I used to suggest wrapping the liver in plastic wrap before wrapping it in aluminum foil, but I got e-mail from a researcher saying that heating up plastic wrap like that causes it to give off surprising amounts of carcinogenic chemicals, so I tried leaving out the plastic wrap, and found it to work just fine without.

I find that 1 lb. or 0.5 kg. monkfish liver makes enough for three.

Salt well
Place the liver in a bowl and salt it well; let it sit in the refrigerator for 40 minutes.
Soak in sake
Wash the salt off with a little sake and then soak the liver in some more sake for 10 minutes or so. The quality of sake really doesn't matter; I have had fine results using cooking sake, or mirin.
After this, the veins should be easier to remove.

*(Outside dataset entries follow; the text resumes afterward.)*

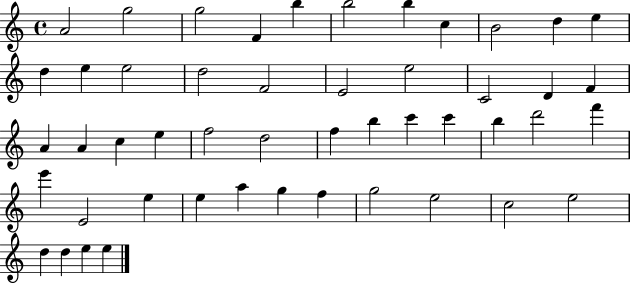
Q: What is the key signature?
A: C major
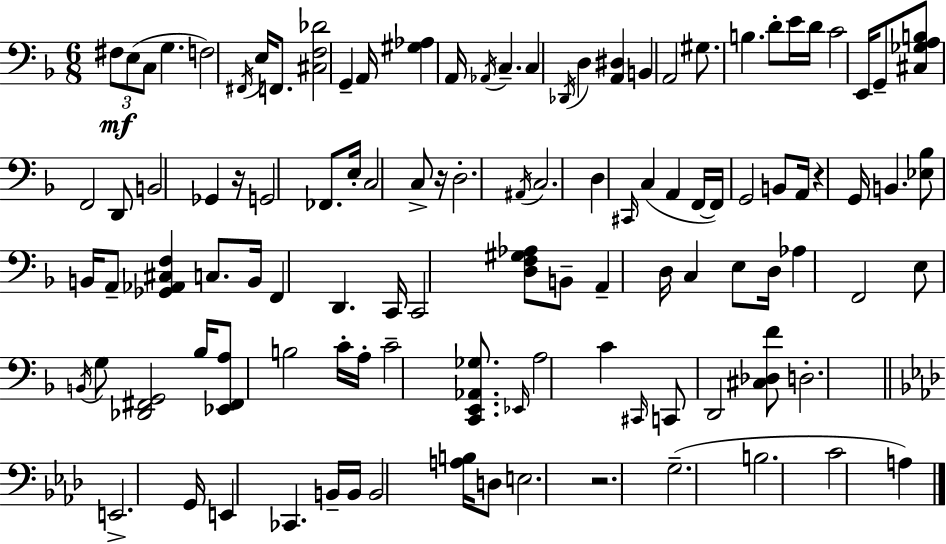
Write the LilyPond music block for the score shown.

{
  \clef bass
  \numericTimeSignature
  \time 6/8
  \key d \minor
  \tuplet 3/2 { fis8\mf e8( c8 } g4. | f2) \acciaccatura { fis,16 } e16 f,8. | <cis f des'>2 g,4-- | a,16 <gis aes>4 a,16 \acciaccatura { aes,16 } c4.-- | \break c4 \acciaccatura { des,16 } d4 <a, dis>4 | b,4 a,2 | gis8. b4. | d'8-. e'16 d'16 c'2 | \break e,16 g,8-- <cis ges a b>8 f,2 | d,8 b,2 ges,4 | r16 g,2 | fes,8. e16-. c2 | \break c8-> r16 d2.-. | \acciaccatura { ais,16 } c2. | d4 \grace { cis,16 }( c4 | a,4 f,16~~ f,16) g,2 | \break b,8 a,16 r4 g,16 b,4. | <ees bes>8 b,16 a,8-- <ges, aes, cis f>4 | c8. b,16 f,4 d,4. | c,16 c,2 | \break <d f gis aes>8 b,8-- a,4-- d16 c4 | e8 d16 aes4 f,2 | e8 \acciaccatura { b,16 } g8 <des, fis, g,>2 | bes16 <ees, fis, a>8 b2 | \break c'16-. a16-. c'2-- | <c, e, aes, ges>8. \grace { ees,16 } a2 | c'4 \grace { cis,16 } c,8 d,2 | <cis des f'>8 d2.-. | \break \bar "||" \break \key aes \major e,2.-> | g,16 e,4 ces,4. b,16-- | b,16 b,2 <a b>16 d8 | e2. | \break r2. | g2.--( | b2. | c'2 a4) | \break \bar "|."
}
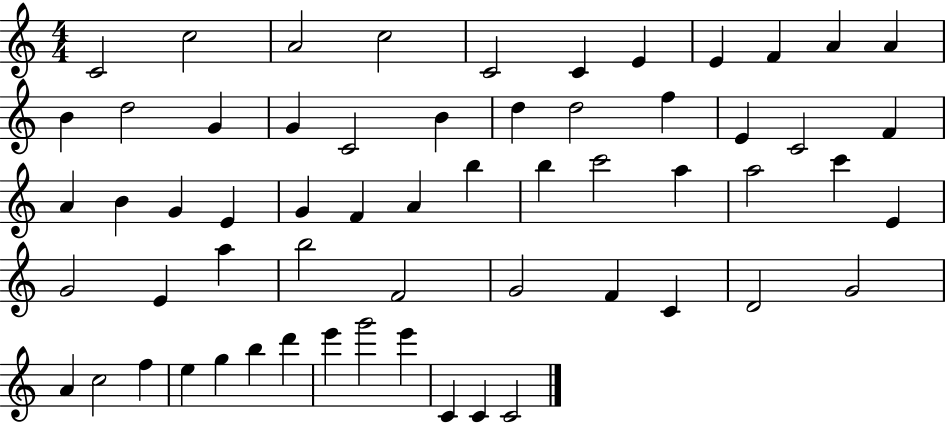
{
  \clef treble
  \numericTimeSignature
  \time 4/4
  \key c \major
  c'2 c''2 | a'2 c''2 | c'2 c'4 e'4 | e'4 f'4 a'4 a'4 | \break b'4 d''2 g'4 | g'4 c'2 b'4 | d''4 d''2 f''4 | e'4 c'2 f'4 | \break a'4 b'4 g'4 e'4 | g'4 f'4 a'4 b''4 | b''4 c'''2 a''4 | a''2 c'''4 e'4 | \break g'2 e'4 a''4 | b''2 f'2 | g'2 f'4 c'4 | d'2 g'2 | \break a'4 c''2 f''4 | e''4 g''4 b''4 d'''4 | e'''4 g'''2 e'''4 | c'4 c'4 c'2 | \break \bar "|."
}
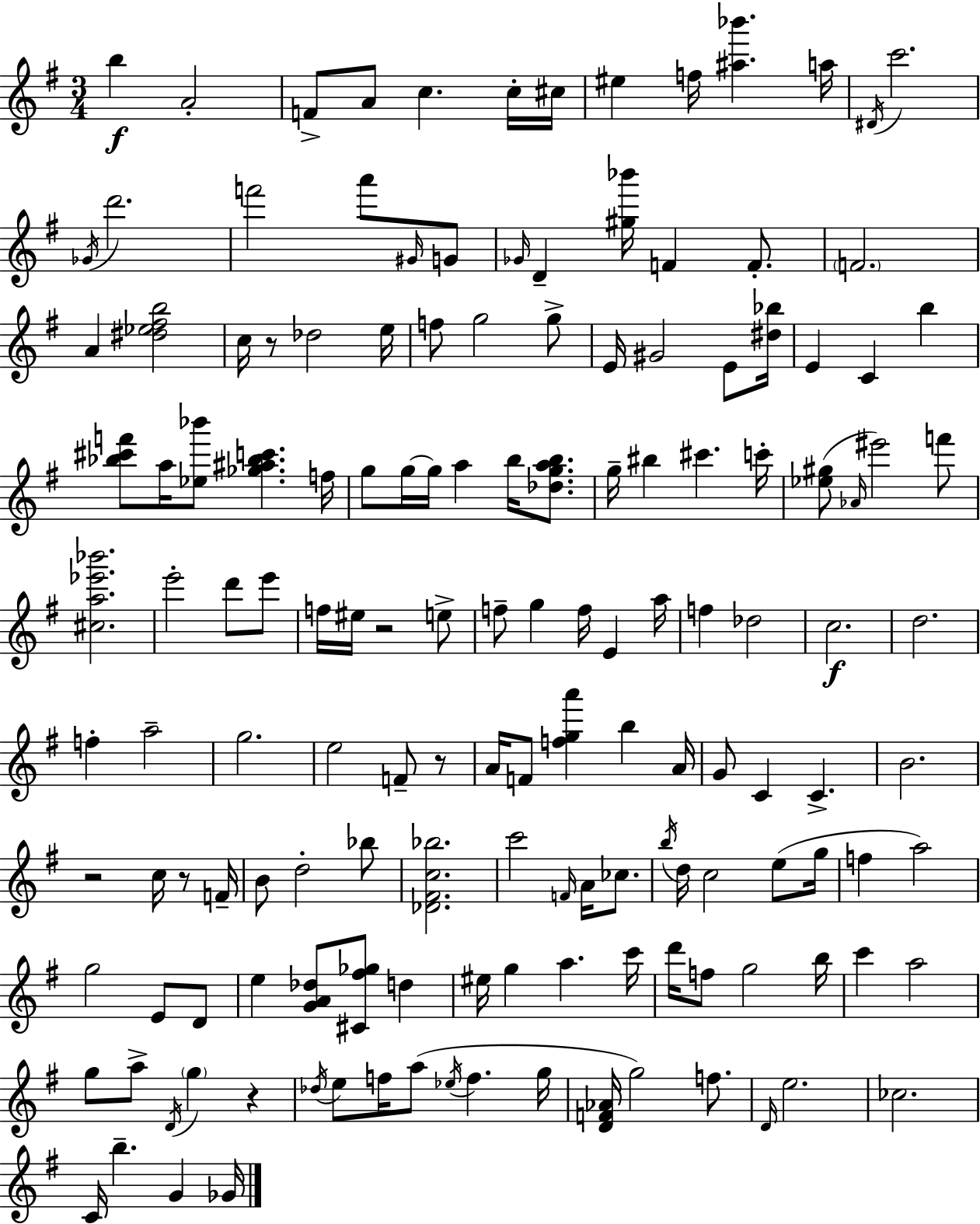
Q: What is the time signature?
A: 3/4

Carefully extract them using a good pair of tweezers.
Pierce with a skewer
Lay the liver out on a sheet of aluminum foil and roll it up tightly, trying to make a tube about 3 cm. or 1.5 inches in diameter. Pierce 10 or 15 holes in the package with a thin skewer.
Steam it on the stovetop for 35 minutes.
Unwrap and cool
Unwrap it and let it cool to room temperature. It can be served cooler, but don't serve it hot off the stove or cold out of the refrigerator.
Slice and serve
Cut it into quarter-inch or half-centimetre slices and serve in small bowls. Pour a tablespoonful or so of ponzu[1] over it and garnish with grated ginger and thinly-sliced green onions.
The garnished bowls ready to serve.

1. Ponzu is a delicate citrus-based sauce. Don't use soy sauce, as it will overwhelm the flavour of the ankimo.